Oui, mais le TLF précise "exceptionnellement" et il ne donne que deux exemples qui ne sont pas vraiment dus à des auteurs qui font autorité... En fait, ce "dévoluer" utilisé dans un obscur ouvrage de 1907 sur les origines du chant romain est peut-être une simple faute, mais qui, avec la patine du temps, a acquis certaines lettres de noblesse (alors que si un journaliste écrivait aujourd'hui "dévoluer", tout le monde hurlerait au barbarisme ! ).

Bref, tu fais bien sûr ce que tu veux, mais à ta place je n'écrirais pas "Nous sommes dévolus à accompagner les morts". C'est une phrase qui me heurte.


----------



## Aoyama

... écrite par une Belge de Charleroi, assez pointilleuse sur son français .

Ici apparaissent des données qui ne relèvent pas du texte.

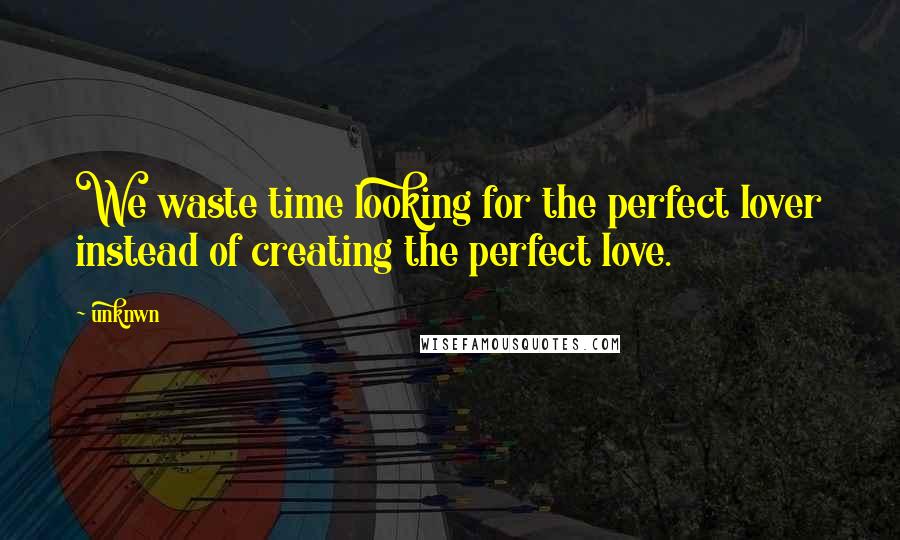 Unknwn Quotes: We waste time looking for the perfect lover instead of creating the perfect love.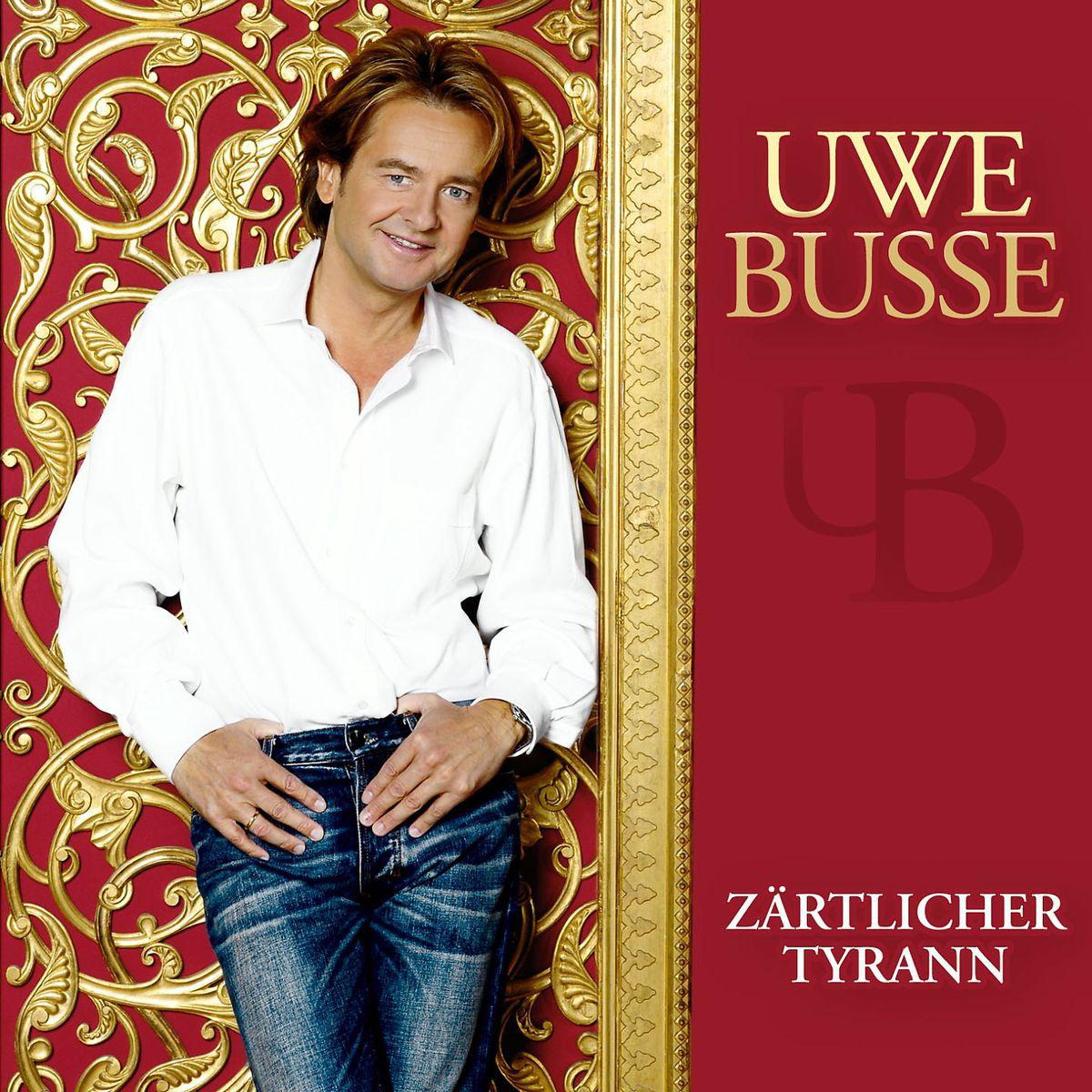 Uwe Busse – Zärtlicher Tyrann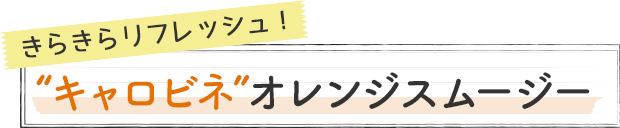 きらきらリフレッシュ！“キャロビネ”オレンジスムージー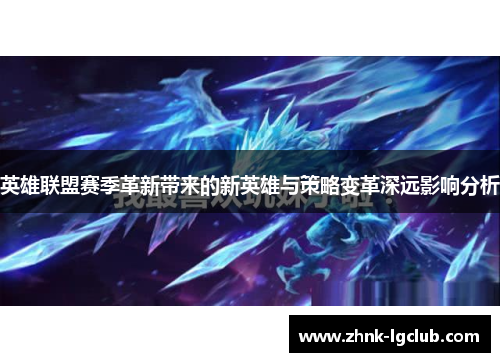 英雄联盟赛季革新带来的新英雄与策略变革深远影响分析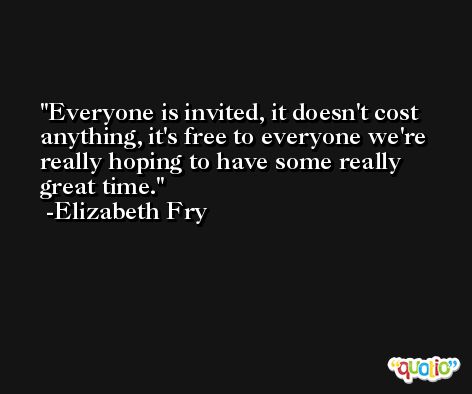 Everyone is invited, it doesn't cost anything, it's free to everyone we're really hoping to have some really great time. -Elizabeth Fry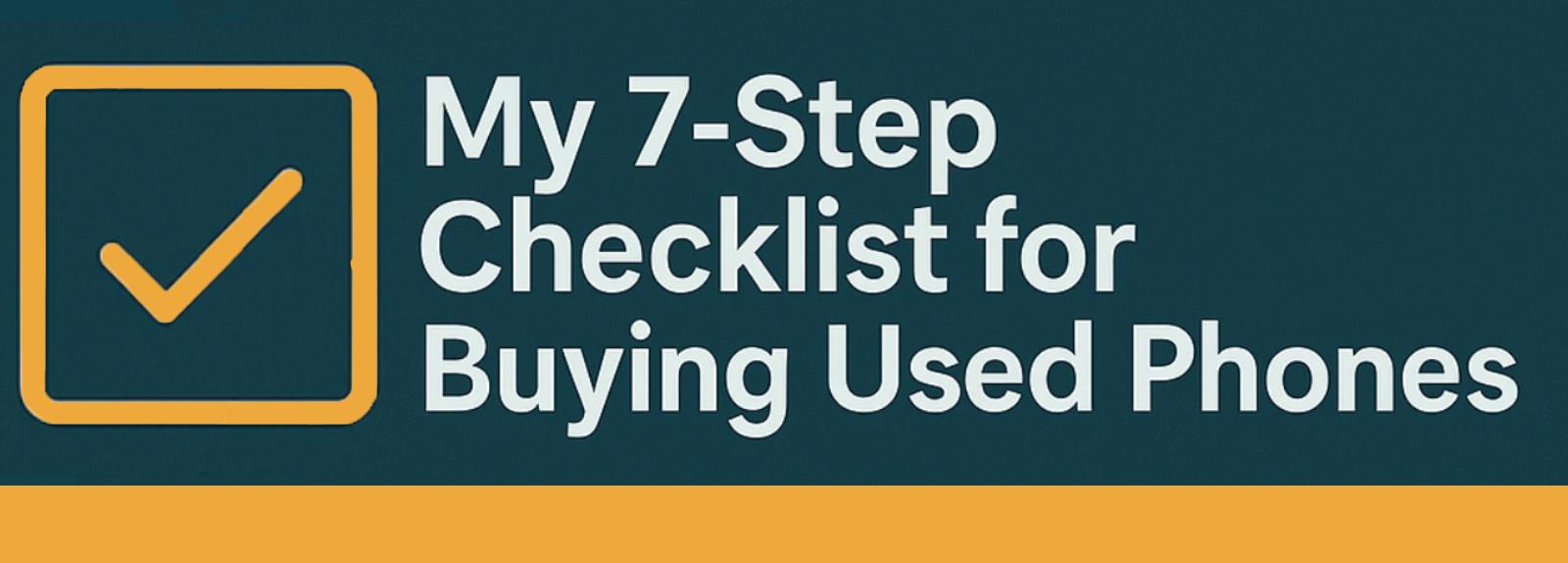 7-step checklist for inspecting a second-hand phone before purchase in 2025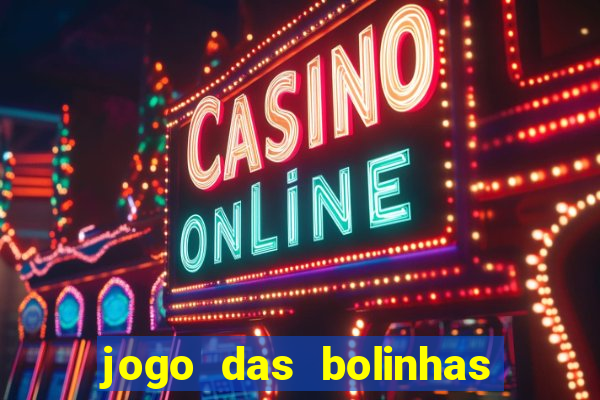 jogo das bolinhas que da dinheiro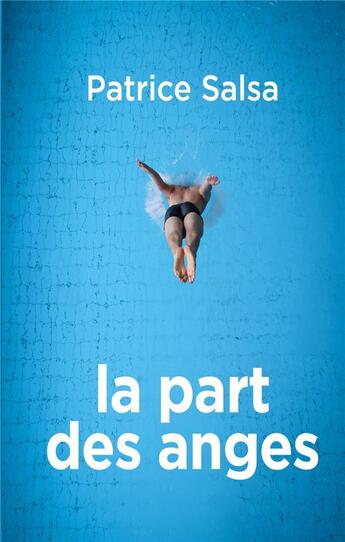 Couverture du livre « La part des anges » de Patrice Salsa aux éditions Books On Demand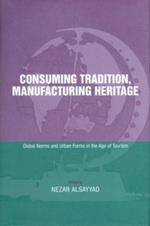 Consuming Tradition, Manufacturing Heritage: Global Norms and Urban Forms in the Age of Tourism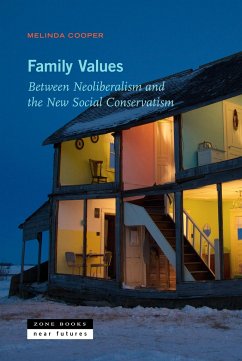 Family Values: Between Neoliberalism and the New Social Conservatism - Cooper, Melinda (Lecturer, The University of Sydney)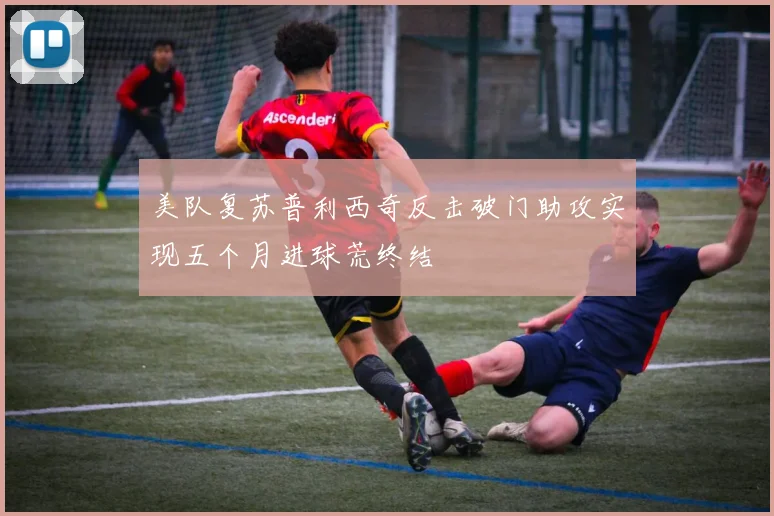 美队复苏普利西奇反击破门助攻实现五个月进球荒终结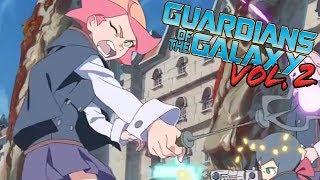 Little Witch Academia Guardians of the Galaxy Vol. 2 Opening Style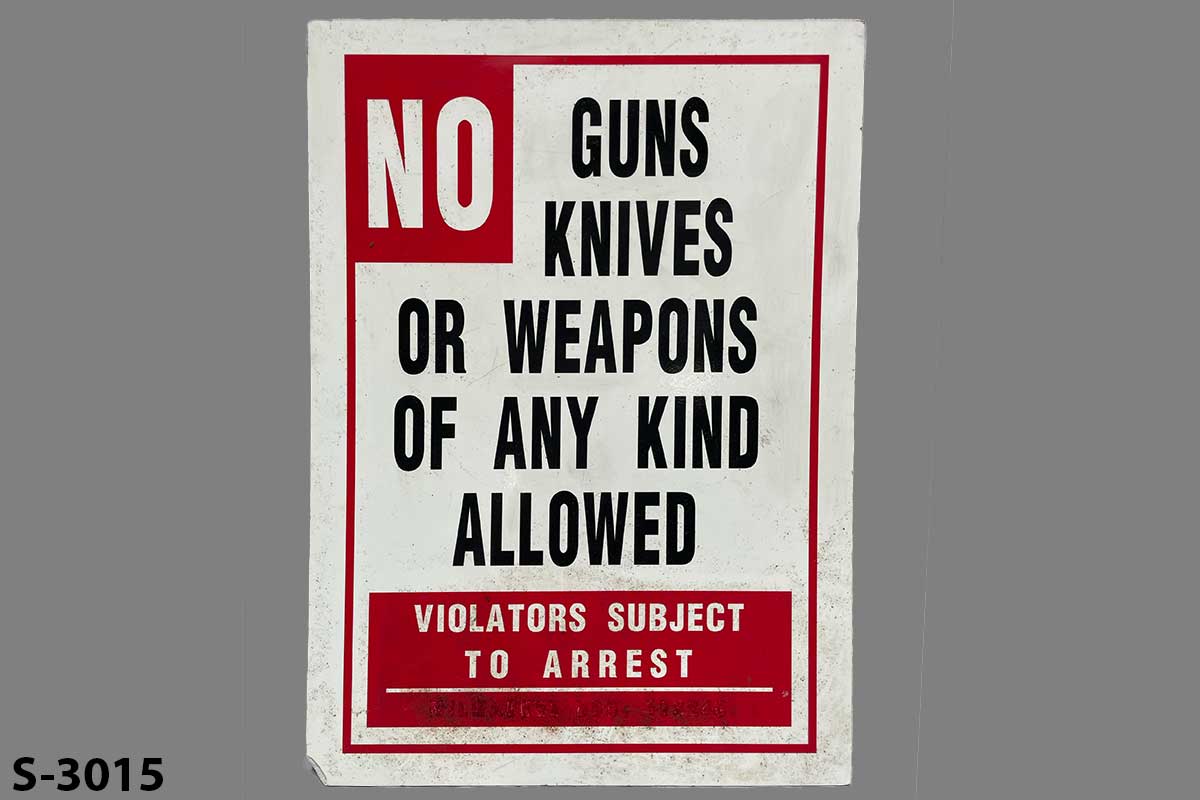 Sign-No Guns Knives Or Weapons Of Any Kind Allowed Violators Will Be Subject To, stock number S-3015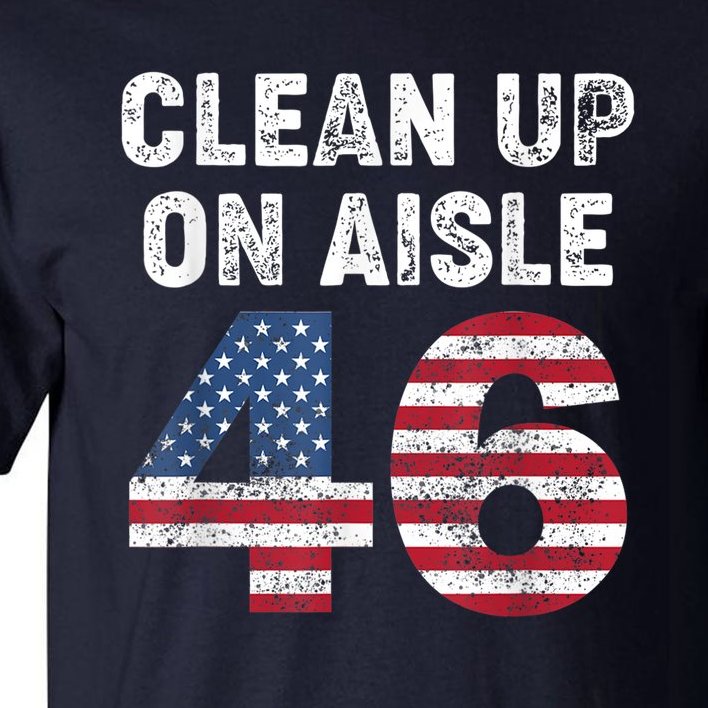 AntiBiden Clean Up On Aisle 46 Impeach Biden Tall T-Shirt
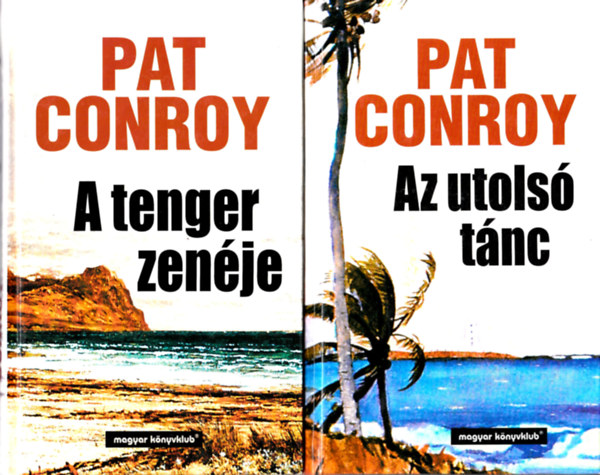 Pat Conroy: Az utolsó tánc + A tenger zenéje (2 mű) antikvár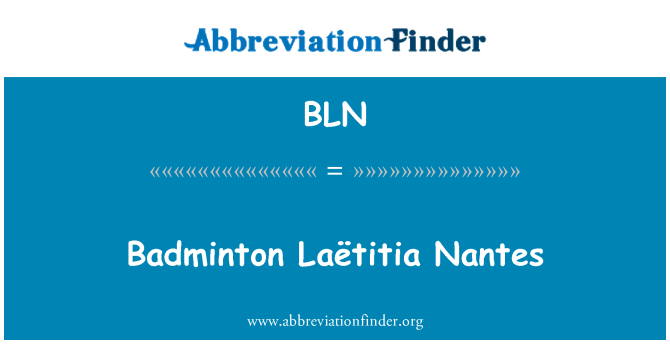 BLN: 羽毛球 Laëtitia 南特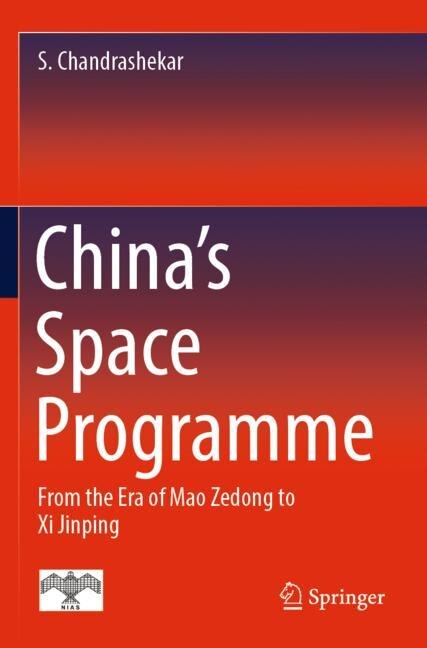 China's Space Programme: From the Era of Mao Zedong to Xi Jinping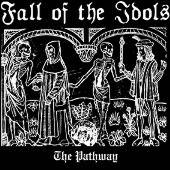 Fall Of The Idols : The Pathway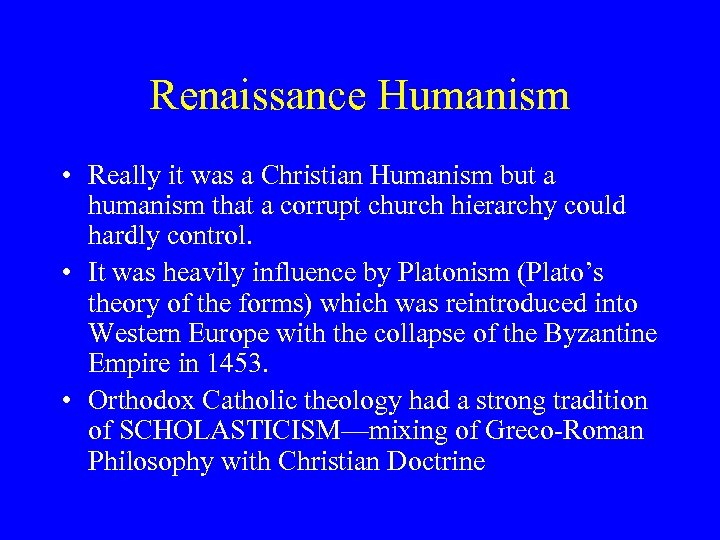 Renaissance Humanism • Really it was a Christian Humanism but a humanism that a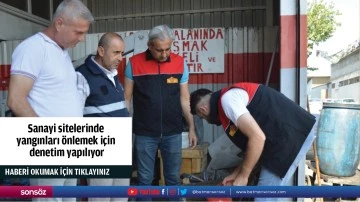 Sanayi sitelerinde yangınları &ouml;nlemek i&ccedil;in denetim yapılıyor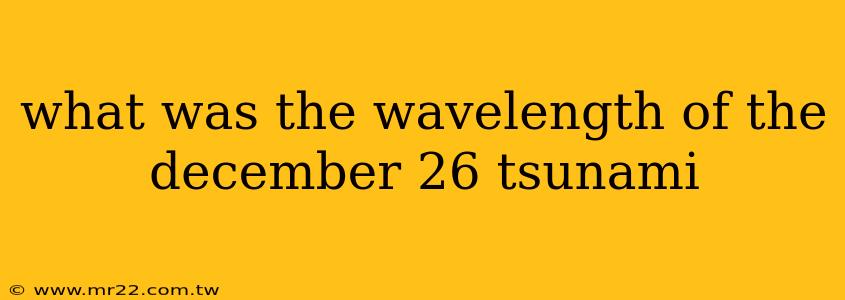 what was the wavelength of the december 26 tsunami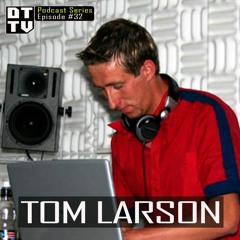 Tom Larson - Dub Techno TV Podcast Series #32
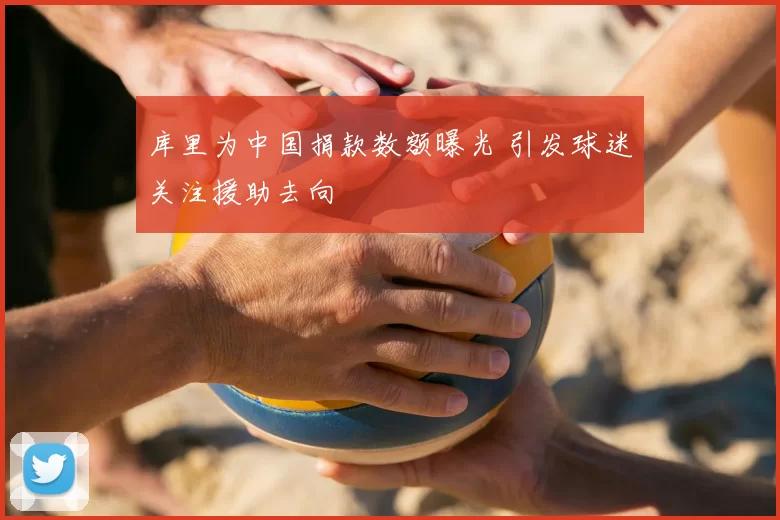 库里为中国捐款数额曝光 引发球迷关注援助去向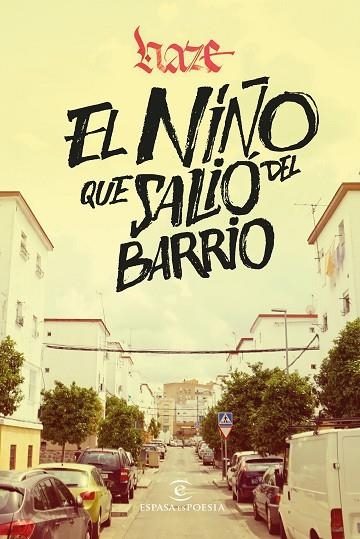 NIÑO QUE SALIÓ DEL BARRIO, EL | 9788467063134 | HAZE | Llibreria La Gralla | Llibreria online de Granollers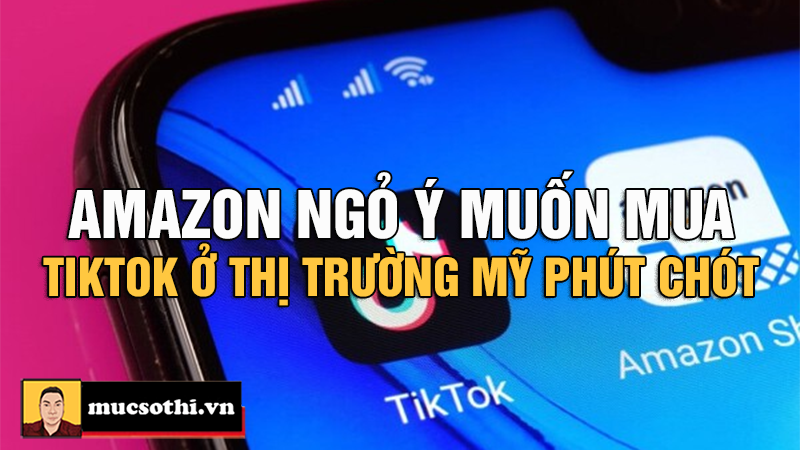 Amazon Bất Ngờ Đưa Ra Đề Nghị Mua Lại TikTok Tại Mỹ Vào Giờ Phút Sinh Tử - mucsothi.com.vn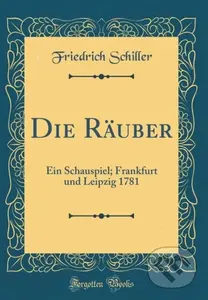 Die Ruber - Friedrich Schiller - kniha z kategorie Drama a divadelní hry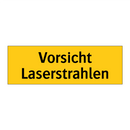 Vorsicht Laserstrahlen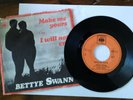 NORTHERN SOUL - BETTYE SWANN - MAKE ME YOURS - CBS 2942 DUTCH - 1967 EX+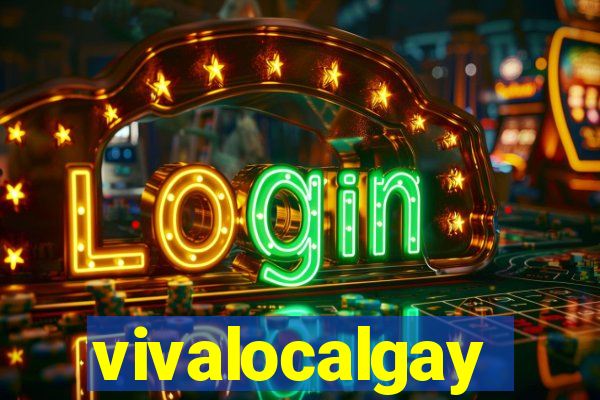 vivalocalgay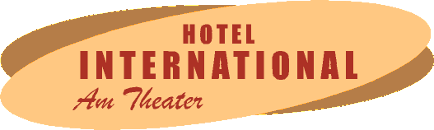 Hotel International am Theater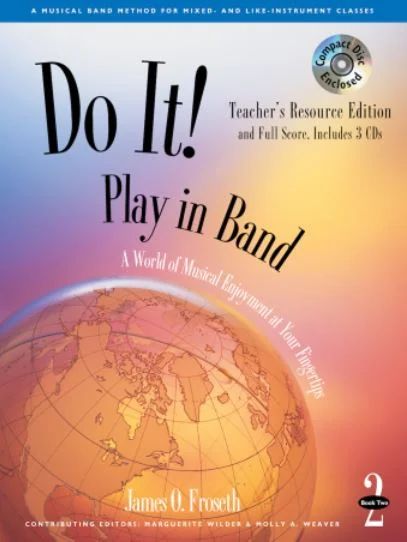 James O. Froseth - Do It! – Play in Band 2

Je ne sais pas si vraiment "dévoluer" 





> avec la patine du temps, a acquis certaines lettres de noblesse


 (mais S. de Beauvoir l'a aussi employé -indirectement- employé) mais sans nul doute 





> si un journaliste écrivait aujourd'hui "dévoluer", tout le monde hurlerait au barbarisme !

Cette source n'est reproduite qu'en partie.